+++ Supplied data +++

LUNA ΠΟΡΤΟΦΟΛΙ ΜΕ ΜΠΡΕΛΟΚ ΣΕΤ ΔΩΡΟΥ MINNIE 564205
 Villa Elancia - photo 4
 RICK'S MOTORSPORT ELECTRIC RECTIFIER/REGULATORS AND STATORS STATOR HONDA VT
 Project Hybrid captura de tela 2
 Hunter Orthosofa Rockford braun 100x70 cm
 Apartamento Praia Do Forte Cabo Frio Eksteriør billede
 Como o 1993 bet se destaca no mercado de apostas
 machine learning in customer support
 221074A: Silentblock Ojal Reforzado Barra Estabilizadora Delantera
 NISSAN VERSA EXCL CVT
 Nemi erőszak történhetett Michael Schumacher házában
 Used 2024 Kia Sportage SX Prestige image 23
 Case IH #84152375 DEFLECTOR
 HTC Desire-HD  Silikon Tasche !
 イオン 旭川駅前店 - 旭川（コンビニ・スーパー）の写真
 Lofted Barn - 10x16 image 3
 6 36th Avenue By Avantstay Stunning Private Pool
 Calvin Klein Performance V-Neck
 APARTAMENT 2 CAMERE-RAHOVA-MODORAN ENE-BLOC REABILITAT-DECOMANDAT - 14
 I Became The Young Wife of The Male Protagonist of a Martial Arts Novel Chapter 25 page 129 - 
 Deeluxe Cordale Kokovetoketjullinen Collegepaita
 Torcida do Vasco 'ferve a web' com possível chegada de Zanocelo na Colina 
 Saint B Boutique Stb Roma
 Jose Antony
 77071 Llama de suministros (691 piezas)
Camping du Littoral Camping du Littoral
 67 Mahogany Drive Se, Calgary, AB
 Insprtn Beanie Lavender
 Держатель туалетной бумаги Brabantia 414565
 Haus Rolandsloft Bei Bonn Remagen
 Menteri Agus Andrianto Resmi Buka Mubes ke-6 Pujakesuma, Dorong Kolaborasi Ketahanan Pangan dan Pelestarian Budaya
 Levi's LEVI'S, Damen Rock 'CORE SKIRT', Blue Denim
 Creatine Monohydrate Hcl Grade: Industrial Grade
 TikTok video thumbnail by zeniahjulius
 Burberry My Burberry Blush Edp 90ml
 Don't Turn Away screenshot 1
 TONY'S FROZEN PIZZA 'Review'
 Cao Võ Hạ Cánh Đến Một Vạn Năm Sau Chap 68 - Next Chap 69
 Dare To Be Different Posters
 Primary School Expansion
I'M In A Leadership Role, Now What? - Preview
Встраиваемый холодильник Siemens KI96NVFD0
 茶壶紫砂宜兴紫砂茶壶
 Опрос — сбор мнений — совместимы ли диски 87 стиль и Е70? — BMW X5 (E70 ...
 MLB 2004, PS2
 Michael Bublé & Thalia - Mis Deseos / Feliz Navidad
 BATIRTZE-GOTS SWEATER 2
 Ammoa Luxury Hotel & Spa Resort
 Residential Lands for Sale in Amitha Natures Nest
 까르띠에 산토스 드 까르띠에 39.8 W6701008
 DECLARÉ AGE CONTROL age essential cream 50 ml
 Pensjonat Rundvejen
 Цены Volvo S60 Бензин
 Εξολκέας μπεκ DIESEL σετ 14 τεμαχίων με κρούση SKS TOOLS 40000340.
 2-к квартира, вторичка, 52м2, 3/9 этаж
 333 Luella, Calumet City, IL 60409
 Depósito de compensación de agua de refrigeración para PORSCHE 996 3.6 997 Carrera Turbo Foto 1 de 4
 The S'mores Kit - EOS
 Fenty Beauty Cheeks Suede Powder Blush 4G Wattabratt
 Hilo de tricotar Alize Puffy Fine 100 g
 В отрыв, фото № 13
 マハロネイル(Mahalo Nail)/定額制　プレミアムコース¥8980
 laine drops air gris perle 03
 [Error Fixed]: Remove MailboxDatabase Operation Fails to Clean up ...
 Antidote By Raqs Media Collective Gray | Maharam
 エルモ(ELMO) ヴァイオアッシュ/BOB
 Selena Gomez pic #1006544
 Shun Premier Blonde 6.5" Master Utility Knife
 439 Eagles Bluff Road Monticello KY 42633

+++

■ Task to carry out ■
Copy out all lines from the material above that contain the string "Michael".

■ Output for this exercise ■
 Nemi erőszak történhetett Michael Schumacher házában
 Michael Bublé & Thalia - Mis Deseos / Feliz Navidad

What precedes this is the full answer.